The Pythagoreans thought the number ten a perfect number. And, so might we. After all, the #Stoics were greatly influenced by Pythagorean thought and contemplative practice.

Which is why I’m compiling a list of 10 reasons to create your own “Encheiridion” or Handbook for Life.

I started with one big reason. I was travelling and faced an unpleasant situation. I found a quiet corner and tried to focus and meditate on the journaling I’d done that morning. I’d been reading Marcus Aurelius as a prompt to work through some “issues.” But, my mind was completely blank. I could no more remember what Marcus Aurelius had said to me that morning than I could remember what I’d had for breakfast last Monday morning.

Epictetus used to tell his students to write often and to have the Stoic principles “in the hand” or “ready to hand.” This is precisely what “Encheiridion” means and why today we use the term “handbook.”

Thus came the idea of compiling a portable, pocket-sized notebook with an organized collection of concise, strikingly-formed maxims, which I could hold close, have at hand, at times of need and which I could read and say over and over in my head as my own private mantras.

Create your own Handbook for Life, your own Encheiridion.

So, my reasons for creating and compiling a Handbook for Life, my own Encheiridion.

1. Create an organizational system

I’m creating an organizational system so that the Encheiridion is easy to use and easy for me to find the relevant principle I need at any given time.
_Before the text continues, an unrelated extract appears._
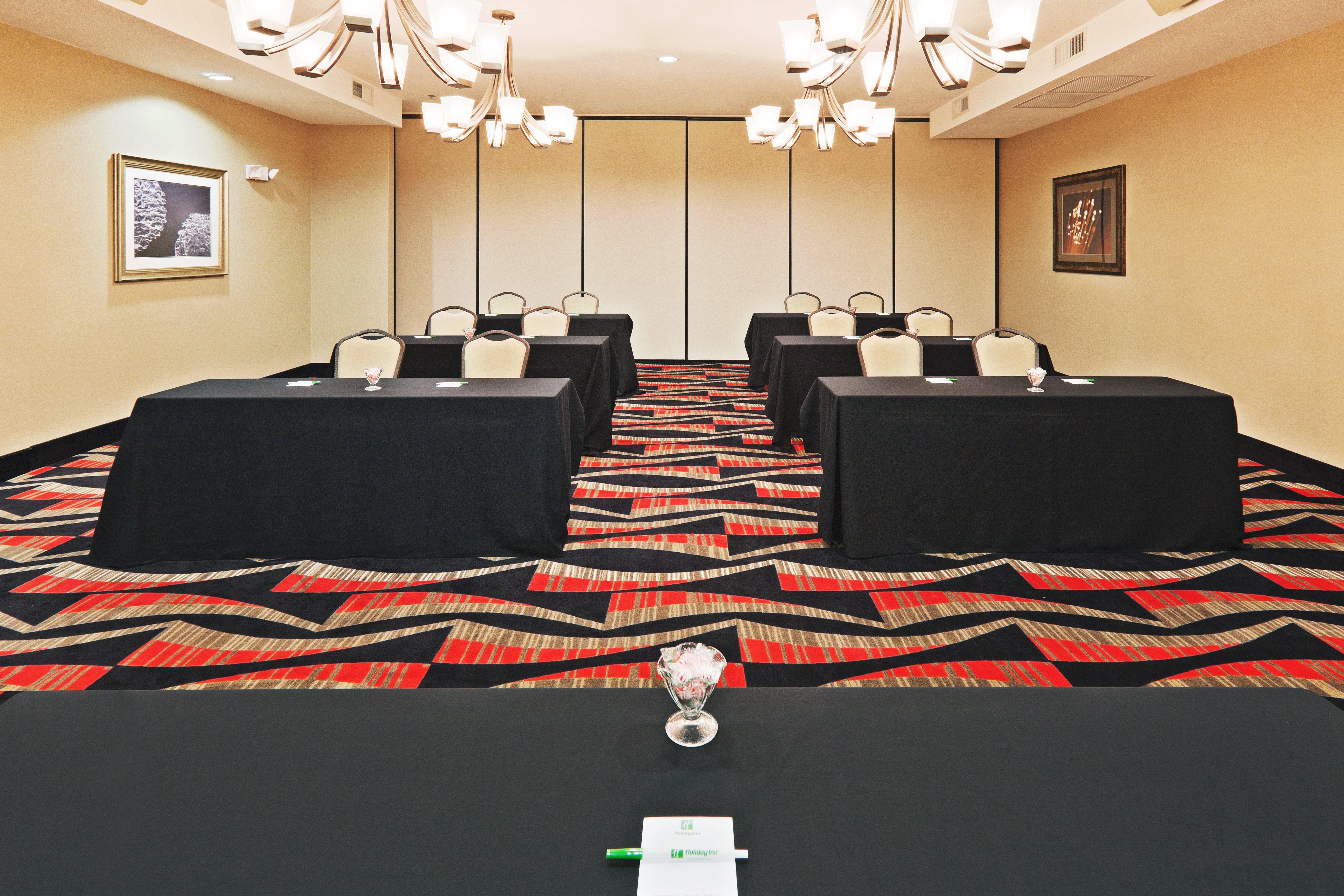 Holiday Inn Oklahoma City Airport By Ihg Exteriör bild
Thus, I need to extract keywords, key themes and then index them for quick access. What goes into the Encheiridion are the briefest summaries-maxims, mantras-of the teachings.

2. Rewrite and reexpress

I am actively engaged by rewriting and reexpressing the Stoic texts so that what finally goes into my Encheiridion is stunning and striking so much so that it is memorable and immediately useful.

3. Slow down and attend to writing

I must agree to slow down and write neatly, carefully transcribing the text I’ve drafted in another writing space. This practice helps me tune out of the day’s noise and tune into my own task at hand. This practice teaches me attention and patience and I’ve found beauty again in just sitting with my self, writing tools, and enjoying the feeling of a pen in my hand and the sound of the tool marking the page. It’s a full-body experience.

4. No need for originality

I don’t need to worry about being creative and original and fabulous. I just focus on the Stoic texts and study and meditate by rewriting, reexpressing, reframing them. I keep rereading Arrian’s “Greeting” to the Discourses in which he states he is not the “author” of the work, but merely compiling Epictetus’s teaching for his own later use. “It is a matter of small concern if I shall be thought incapable of “composing” a work.” Indeed.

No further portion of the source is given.